====== Raw data

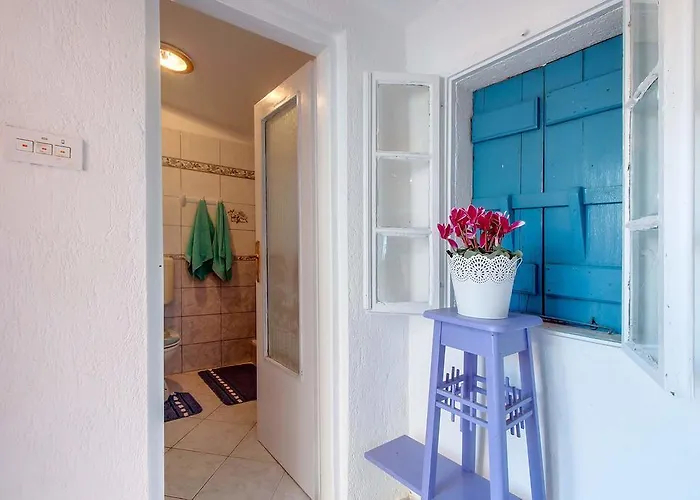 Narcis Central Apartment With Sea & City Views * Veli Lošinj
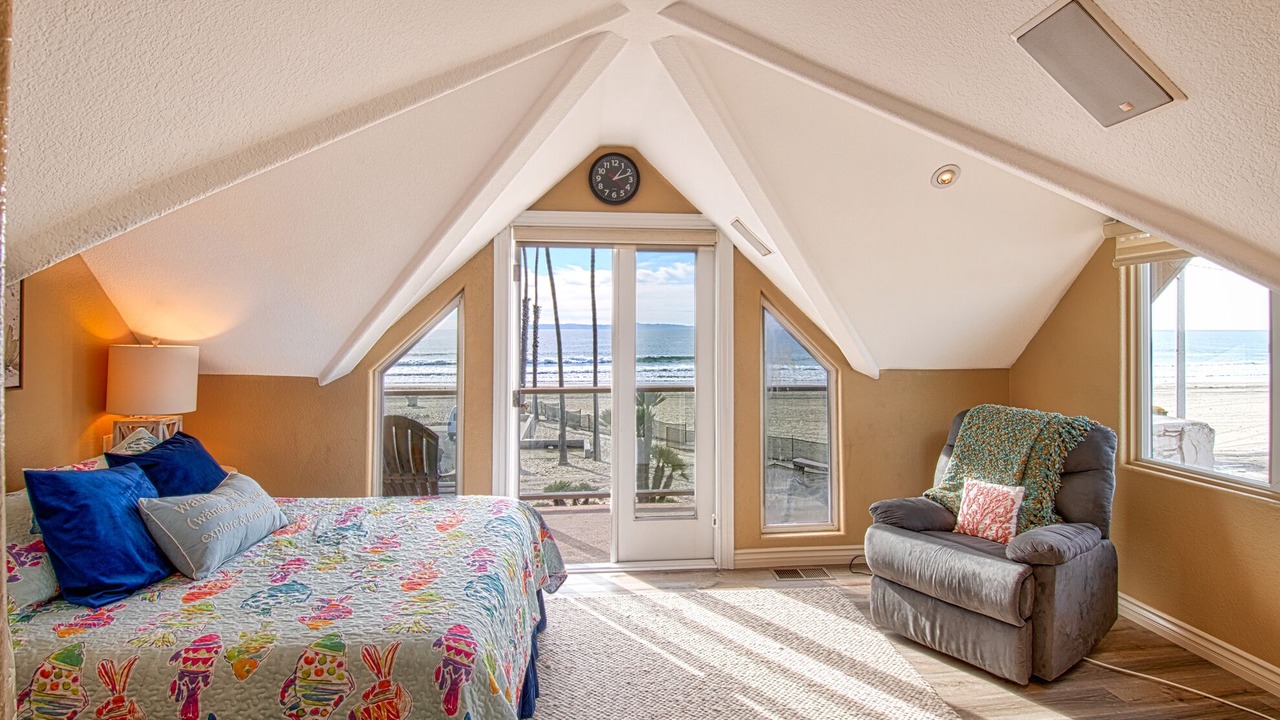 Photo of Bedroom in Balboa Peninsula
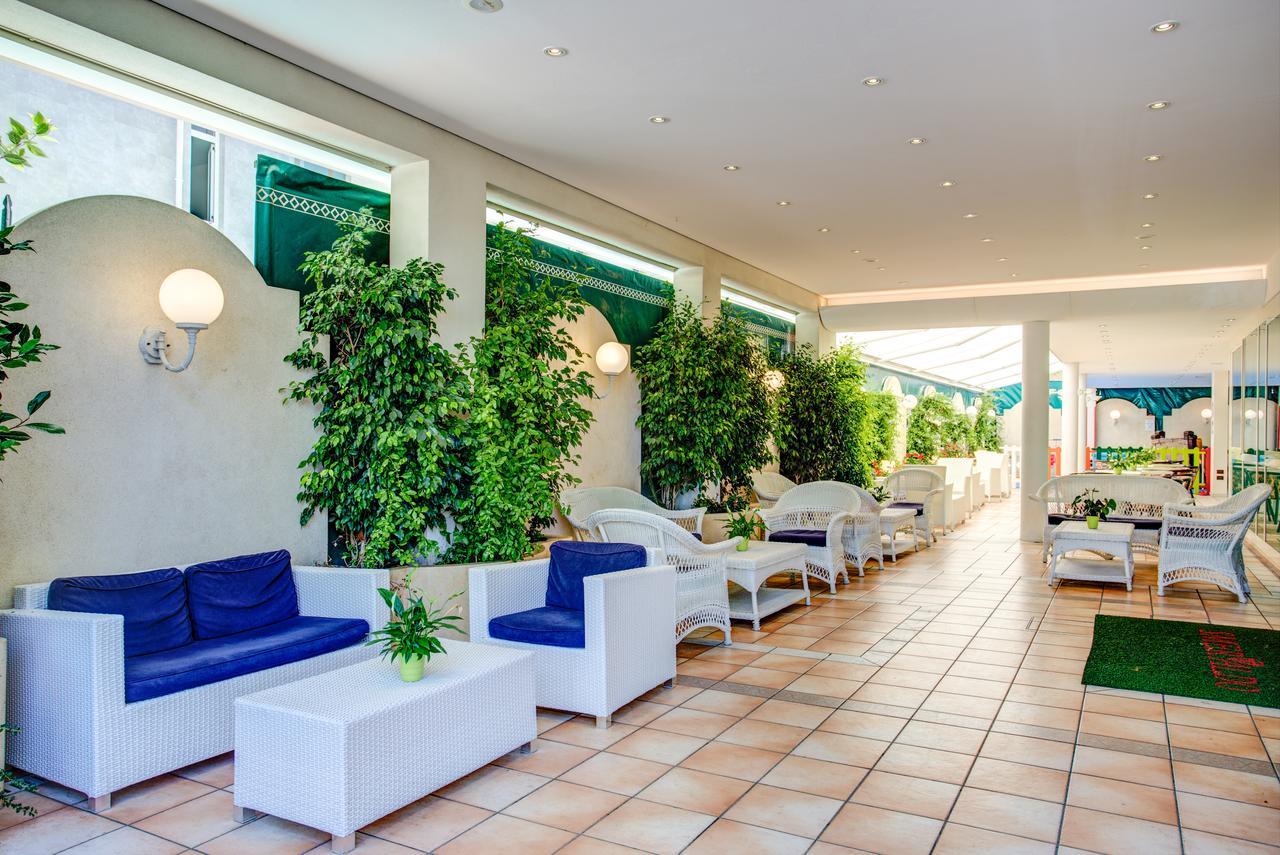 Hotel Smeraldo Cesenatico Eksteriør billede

============

Reproduce the entire listing exactly, but omit any pictures.

 Narcis Central Apartment With Sea & City Views * Veli Lošinj
 Photo of Bedroom in Balboa Peninsula
 Hotel Smeraldo Cesenatico Eksteriør billede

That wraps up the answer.